« Ce qui manque dans les universités, c’est une cellule professionnelle d’écoute. »
Mathias Vicherat, le directeur de Sciences Po revient sur les conséquences de la libération de la parole après le hashtag #sciencesporcs #Quotidien pic.twitter.com/r7pJHDpSDR
— Quotidien (@Qofficiel) June 16, 2022
Après le scandale Olivier Duhamel, pilier de l’école accusé d’inceste, après la vague « Sciences Porcs » sur les affaires de violences sexuelles, après les accusations de « wokisme », Sciences Po reste un symbole. Mais un symbole très égratigné par les scandales de ces dernières années.
Ancien Directeur Général Adjoint de la SNCF et secrétaire général de Danone et directeur adjoint au cabinet du maire de Paris, Mathias Vicherat est le directeur de Sciences Po Paris qui fête cette année ses 150 ans. Il a été élu à ce poste après la démission de Frédéric Mion. Ce dernier a reconnu avoir été mis au courant dès 2018 des agissements de Duhamel sans jamais les avoir dénoncés.
Ancien camarade de promo d’Emmanuel Macron à l’ENA, Mathias Vicherat a donc du pain sur la planche pour redorer le blason de Sciences Po.
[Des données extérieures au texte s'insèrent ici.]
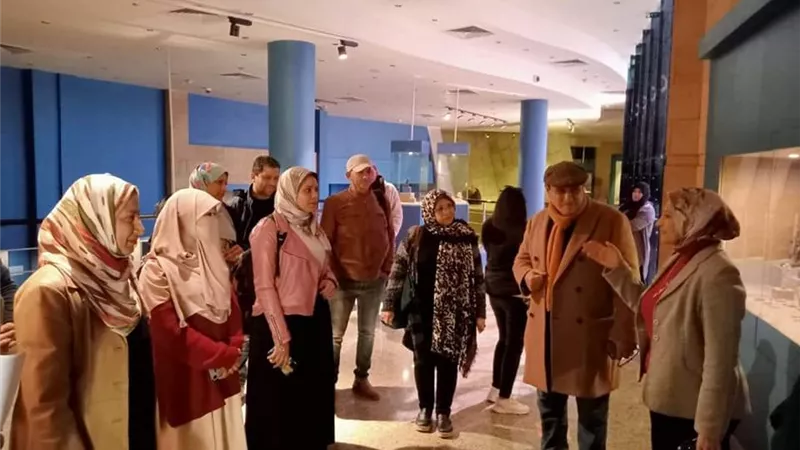 تنشيط السياحة بالشرقية تُنظم ورشة فنية بمتحف تل بسطا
Invité ce soir dans Quotidien sur TMC, il explique les mesures qu’il a mis en place dès son arrivée au sein de la plus célèbre Université de France : “Il y a eu cette vague importante qui a concerné Sciences Po Paris mais aussi d’autres Sciences Po avec le hashtag #sciencesporcs et sur ce point précis des violences sexuelles et sexistes j’ai souhaité installer un dispositif robuste”.
Il précise : “On a engagé une Magistrate, on est la seule Université à l’avoir fait. Une Magistrate qui dirige une cellule d’enquêtes pour faire en sorte que les procédures soient robustes et professionnelles”.
Yann Barthès rebondit en lui demandant s’il y avait vraiment beaucoup de problèmes à Sciences Po. L’ancien compagnon de Marie Drucker lui répond alors : “Pas plus qu’ailleurs. Mais en réalité ce qu’il manque dans beaucoup d’Universités c’est le cas à Sciences Po, c’est un dispositif professionnel.” Il ajoute : “Faire de l’écoute, caractériser les faits, c’est un boulot très important et qui demande de l’expertise. C’est pour ça qu’on a ce dispositif avec en plus de l’écoute externalisé avec France Victimes, ça me paraissait vraiment important”.